• EXTRACTED INFORMATION:
-- -- --

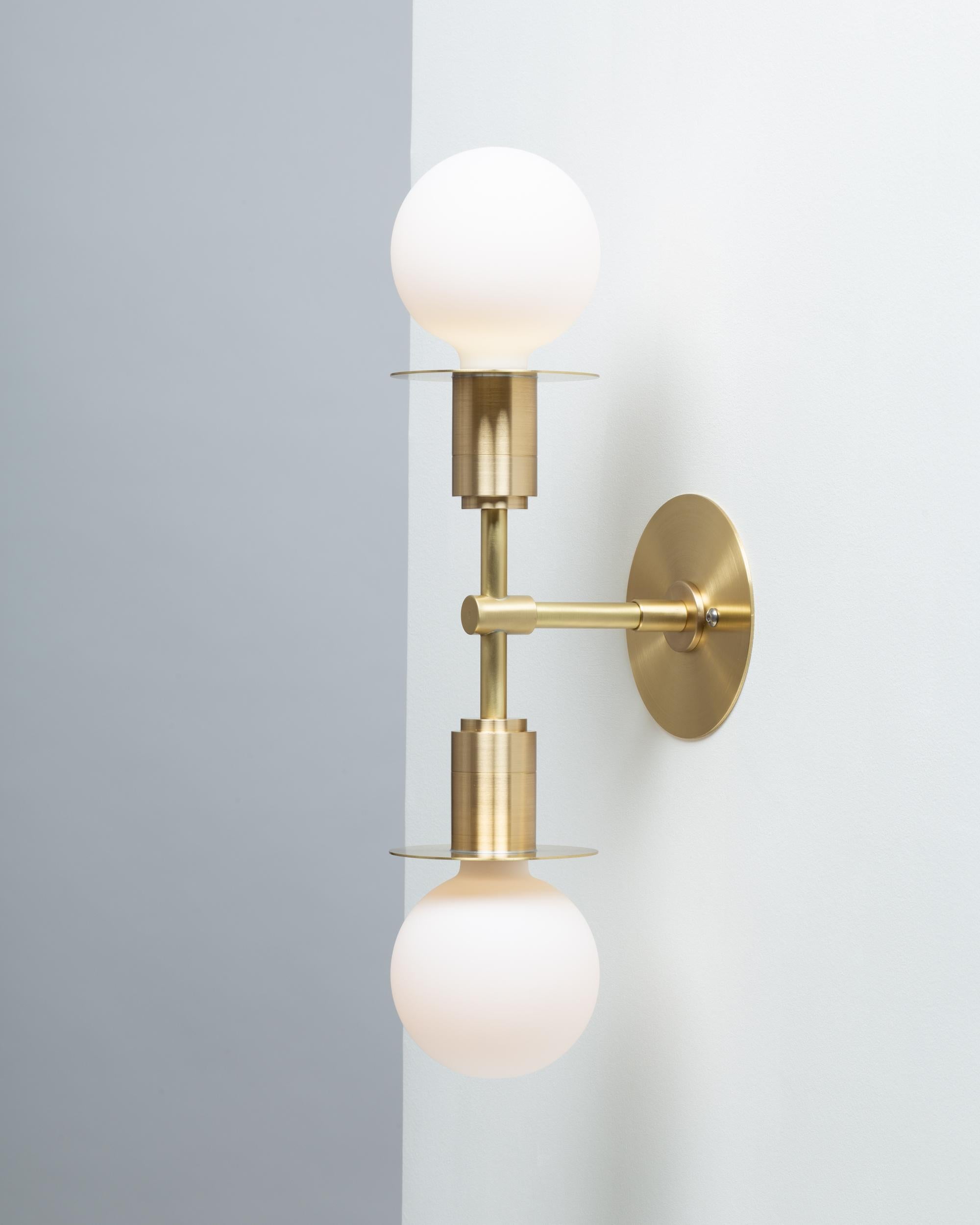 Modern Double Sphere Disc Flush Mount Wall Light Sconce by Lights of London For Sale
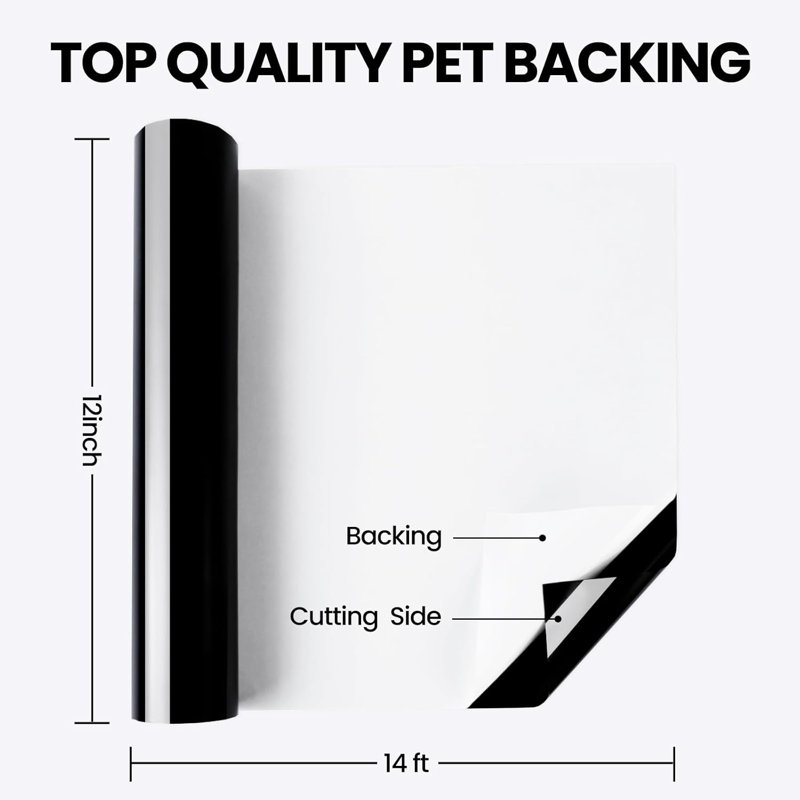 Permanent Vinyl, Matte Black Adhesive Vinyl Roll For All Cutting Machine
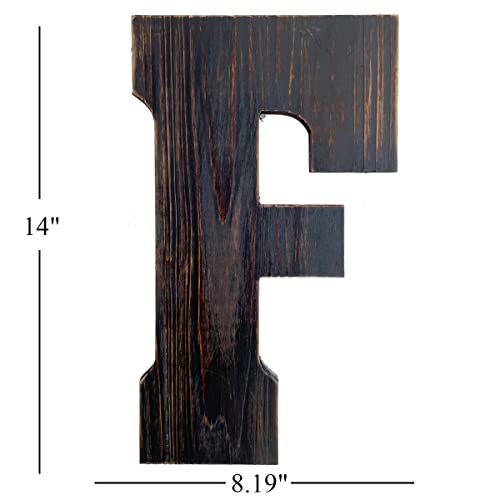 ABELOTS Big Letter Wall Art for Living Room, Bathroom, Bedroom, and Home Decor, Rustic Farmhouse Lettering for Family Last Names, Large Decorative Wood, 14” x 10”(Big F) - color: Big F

-- -- --

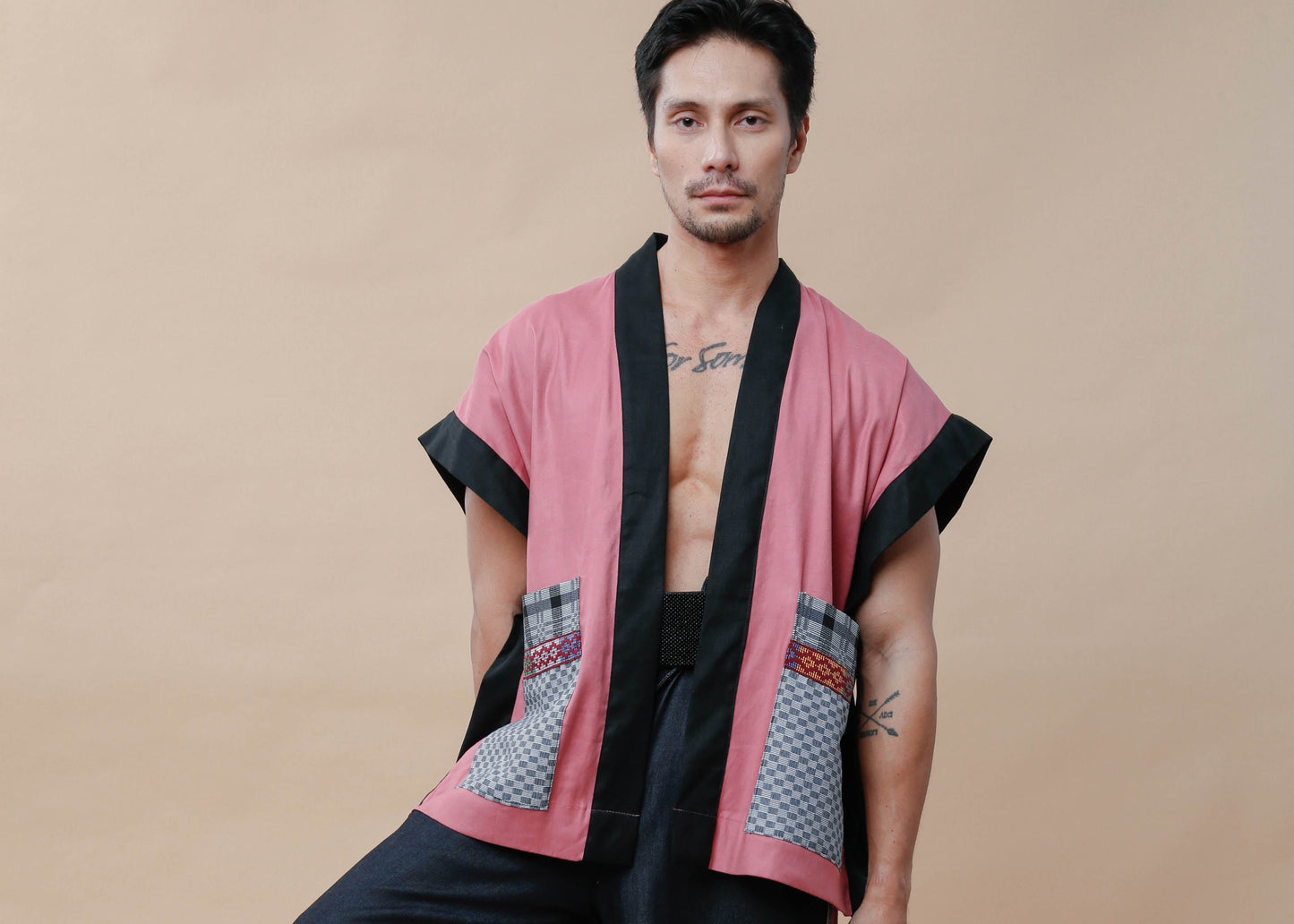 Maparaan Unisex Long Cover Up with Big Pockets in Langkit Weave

-- -- --

• WHAT TO PRODUCE:
Each line between the one holding "Modern Double Sphere" and the one holding "ABELOTS Big Letter", inclusive, should be copied exactly as it appears above, and pictures should be omitted.

• SOLUTION FOR THIS EXERCISE:
 Modern Double Sphere Disc Flush Mount Wall Light Sconce by Lights of London For Sale
 Permanent Vinyl, Matte Black Adhesive Vinyl Roll For All Cutting Machine
 ABELOTS Big Letter Wall Art for Living Room, Bathroom, Bedroom, and Home Decor, Rustic Farmhouse Lettering for Family Last Names, Large Decorative Wood, 14” x 10”(Big F) - color: Big F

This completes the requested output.